But, as with all things that sound too good to be true, they often are. Or in our case, it’s a half truth.

While the early years funding commitment for three and four-year-olds has been in place for years, there is a big catch that will leave many parents kicking themselves for not planning their child’s conception better.

The small print states that funding kicks in only at “the beginning of a school term”. Which is fine, until you realise that for some birthdays, that means waiting up to five months, as funding is only allocated in either August (autumn term), January (spring term) or March/April (summer term).

Somewhat inexplicably in my daughter’s case, the funding doesn’t start in the summer term, but instead several months later in August, meaning that my mid-March-born child will get funding at the same time as a child born on 31 August.

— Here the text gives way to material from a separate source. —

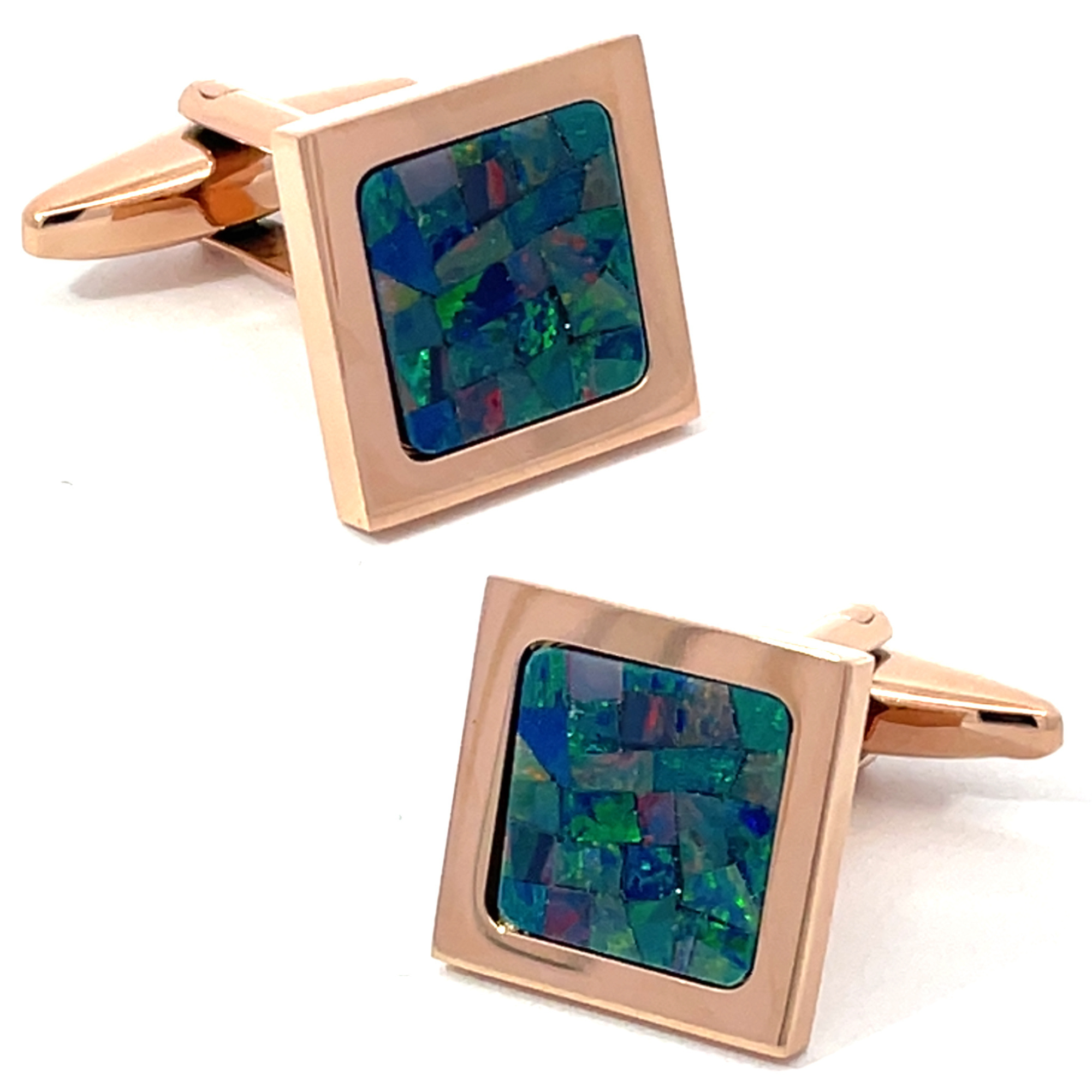 Australian Square Opal Cufflinks  (Green Shiny Rose Gold)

By the time she finally becomes eligible, she will be nearly three-and-a-half, and we will have lost out on hundreds of pounds compared with the lucky children whose birthdays happen to fall on the right side of the parameter.

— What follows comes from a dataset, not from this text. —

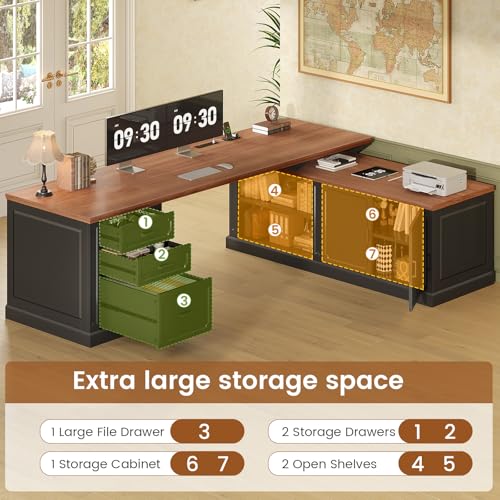 Image of SEDETA Farmhouse L Shaped Desk with Drawers, 70.9 inch Home Office Desk with Storage Cabinet and Storage Shelves, L Shaped Computer Desk with Power Outlet，Black+Brown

This birthday lottery is not only infuriating and unfair, but completely outdated. With the Scottish Government adopting a ‘provider neutral’ approach, stressing that ‘funding follows the child’, there is no longer an assumption that funded hours are reserved for term-time only places in council-run nurseries. In fact, without partnership nurseries, playgroups and childminders, there’s no way it would be able to fulfil its commitment to providing all three and four-year-olds with 1,140 funded hours per year.

As the Scottish Government embraces this new approach, the allocation of term-based funding is rendered completely meaningless, with no benefit to the child or to families. This loophole needs to be closed if we are to believe Scotland is truly committed to giving all children an equal start in life.